Input records below:
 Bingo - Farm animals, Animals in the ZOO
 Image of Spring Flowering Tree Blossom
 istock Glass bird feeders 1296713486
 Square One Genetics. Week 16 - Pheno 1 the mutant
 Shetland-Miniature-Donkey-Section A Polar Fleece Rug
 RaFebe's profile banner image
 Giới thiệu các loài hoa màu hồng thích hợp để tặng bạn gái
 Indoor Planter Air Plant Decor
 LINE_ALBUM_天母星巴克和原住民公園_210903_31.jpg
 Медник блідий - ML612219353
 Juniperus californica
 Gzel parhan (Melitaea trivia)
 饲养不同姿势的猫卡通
End of Input records.
Input records below:
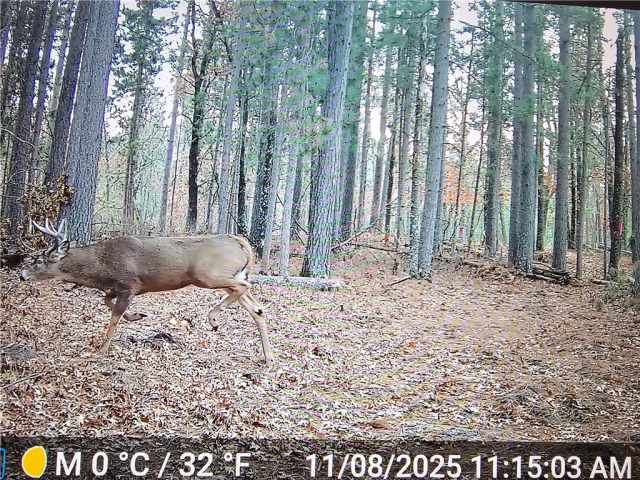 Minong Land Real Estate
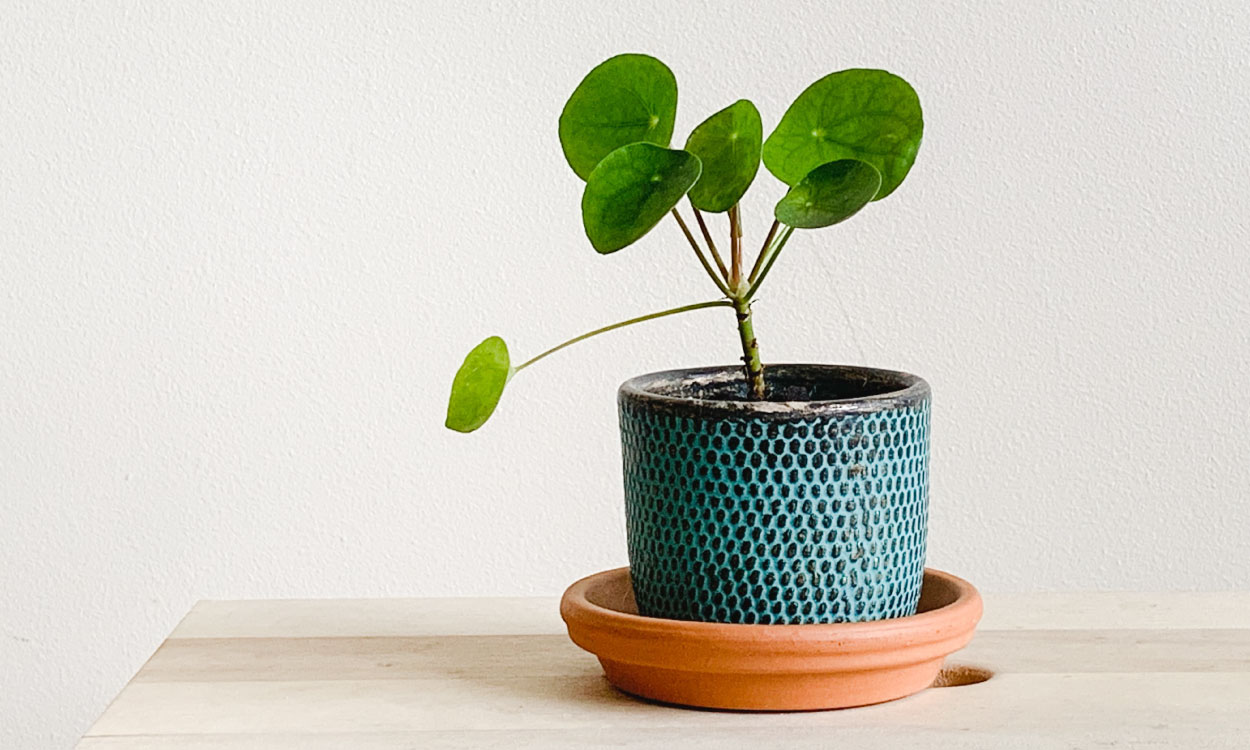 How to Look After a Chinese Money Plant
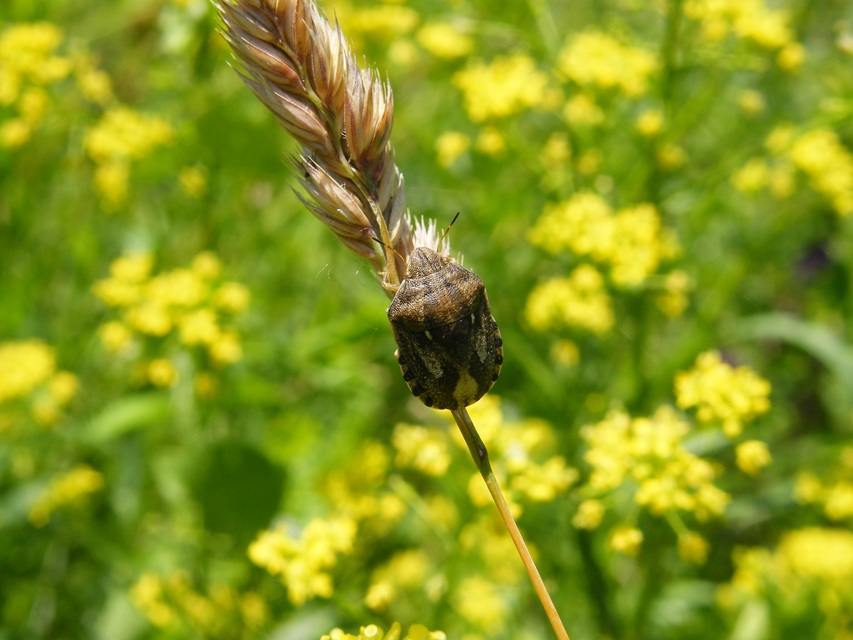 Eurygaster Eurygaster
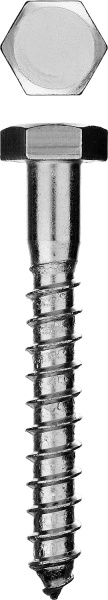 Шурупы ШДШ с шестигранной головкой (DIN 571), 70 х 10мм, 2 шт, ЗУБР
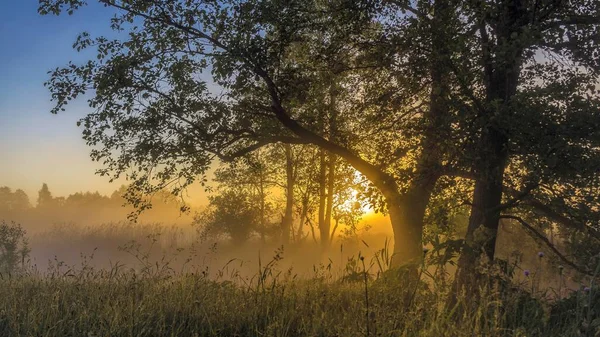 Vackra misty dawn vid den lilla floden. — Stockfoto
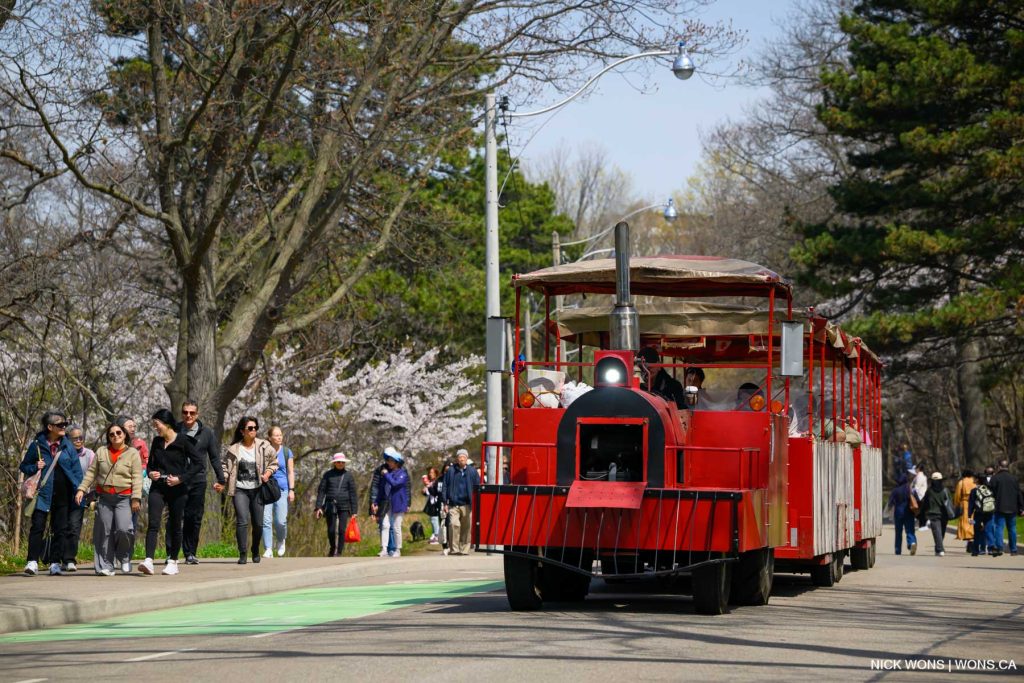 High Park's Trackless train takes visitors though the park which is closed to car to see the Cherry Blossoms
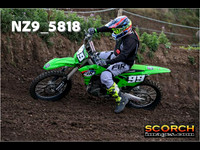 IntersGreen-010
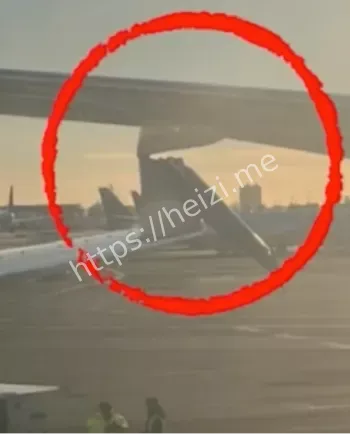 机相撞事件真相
End of Input records.
Task to complete:
Nothing but the lines above from the one containing "Bingo - Farm animals, Animals in the ZOO" through the one containing "RaFebe's profile banner image" should appear in the answer, each repeated exactly.

Answer box:
 Bingo - Farm animals, Animals in the ZOO
 Image of Spring Flowering Tree Blossom
 istock Glass bird feeders 1296713486
 Square One Genetics. Week 16 - Pheno 1 the mutant
 Shetland-Miniature-Donkey-Section A Polar Fleece Rug
 RaFebe's profile banner image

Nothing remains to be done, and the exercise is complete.